Despite a curfew and the establishment of a military quarantine, the scientists continue playing their sex games. One of them, Herb Kline, is approached by Susan Harris, a beautiful entomologist working on bees. Though described by the men as an "iceberg", she flirts with Kline and invites him over for dinner. That night, as they engage in sex, Kline suffers a fatal thrombosis and Harris reveals black compound eyes, suggesting that she is more than she seems to be.

Meanwhile, convinced there is a similar pattern at work, Neil begins studying the sexual patterns of insects. Seeking information about the mating habits of honey bees, he interrogates Dr. Harris at her lab; when he departs, she resumes her project – the transformation of Kline's wife Nora into a Bee Girl through a process of controlled mutation. With the aid of other previously mutated women, she cocoons Nora and places her in a chamber where she is swarmed by mutated honey bees; when she emerges, she is bombarded with radiation and awakens with the same black compound eyes and drive to mate that the other transformed women possess. The next morning, Herb Kline's body is discovered; when Captain Peters goes to inform Nora, she attempts unsuccessfully to seduce him.

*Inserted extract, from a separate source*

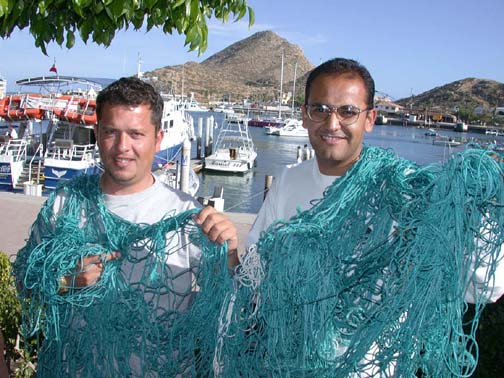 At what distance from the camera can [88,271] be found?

Having worked out much of what has taken place, Neil summons the remaining department chairs and presents his theory. Though the geneticist, Stan Williams, scorns the idea, the head of the diagnostics department, Aldo Ferrara, is more receptive. At Grubowsky's funeral, Neil and Julie bring a radiation detector, which picks up the gamma radiation coming from the women in attendance who have been subjected to the treatment. Aware that they have been detected, the transformed women move to eliminate the remaining scientists; Williams is nearly killed by his now-mutated wife and Ferrara dies during a visit by Dr. Harris, who then lures Julie to her lab to be transformed.

When Neil discovers Ferrara's body, he realizes what the women are up to. Racing to the lab, he interrupts the women as they begin the process of turning Julie into one of them. With Harris threatening to kill Julie unless he leaves, he moves to depart, but pulls out a revolver instead and shoots the machinery. Neil then rescues Julie and bars the door, leaving the mutated women to die amidst a cascade of exploding machinery.

==Home media==
The movie was released on DVD as Graveyard Tramps and featured on the compilation Stephen Romano Presents Shock Festival. Invasion of the Bee Girls was also released on DVD as part of a four-movie package called Four Cult Movie Marathon Volume 1.

Scream Factory released the movie on Blu-ray on April 4, 2017.

== Stage play ==
A semi-sequel to the movie, the play Beyond the Invasion of the Bee Girls was produced by House of Dames in 1998 in Seattle, Washington.